I have a lot of experience in making games (+4 years) and using texture atlases for iOS & Android though cross platform development using OpenGL 2.0
Stick with PoT textures with a maximum size of 2048x2048 because some devices (especially the cheap ones with cheap hardware) still don't support dynamic texture sizes, i know this from real life testers and seeing it first hand. There are so many devices out there now, you never know what sort of GPU you'll be facing.
You're iOS devices will also show black squares and artefacts if you are not using PoT textures.
Just a tip.
Even if arbitrary texture size is required by OpenGL X certain videocards are still not fully compliant with OpenGL. I had a friend with a IntelCard having problems with NPOT2 textures (I assume now Intel Cards are fully compliant).
Do you have any reason for using NPOT2 Textures? than do it, but remember that maybe some old hardware don't support them and you'll probably need some software fallback that can make your textures POT2.
Don't you have any reason for using NPOT2 Textures? then just use POT2 Textures. (certain compressed formats still requires POT2 textures)

How does OpenGL convert single component textures?

I am confused as to how OpenGL stores single component textures(like GL_RED).
The GL converts it to floating point and assembles it into an RGBA element by attaching 0 for green and blue, and 1 for alpha.

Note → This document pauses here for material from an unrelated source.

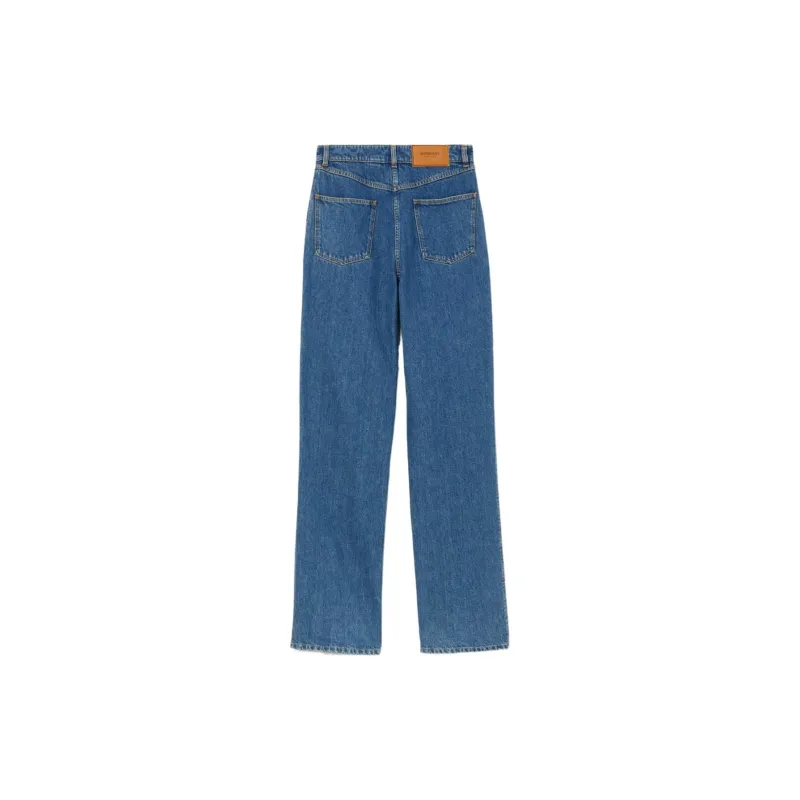 Burberry High waisted Straight leg Jeans-1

Does this mean that my texture will take 32 bpp in graphic memory even though I only give 8 bpp?
Also I would like to know how OpenGL converts bytes to float for operations in the shader. It doesn't seem logical to simply divide by 255..
You don't know, and you have no way of knowing (ok ok, I kind of lied... there exists documentation which tells you those details for some particular hardware. But in general you have no way of knowing, because you don't know in advance what hardware your program will run on).
OpenGL stores textures somewhat following your request, but it finally chooses something that the hardware supports. If that means that it converts your input data to something completely different, it does that silently.
For example, most implementations convert RGB to RGBA because that's more convenient for memory accesses. The same goes for 5-5-5 data being converted to 8-8-8 and similar.
Usually, a 8 bpp texture will take only 1 byte per pixel nowadays (since pretty much every card supports that, and for software implementations it does not matter), though this is not something you can 100% rely on. You should not worry either, though... it will make sure that it somehow works.
Similar can happen with non-power-of-two textures too, by the way. On all modern versions of OpenGL, this is supported (beginning with 2.0 if I remember right). Though, at least in theory, some older cards might not support this feature.
In that case, OpenGL would just silently make the texture the next bigger power-of-two size and only use a part of it (without telling you!).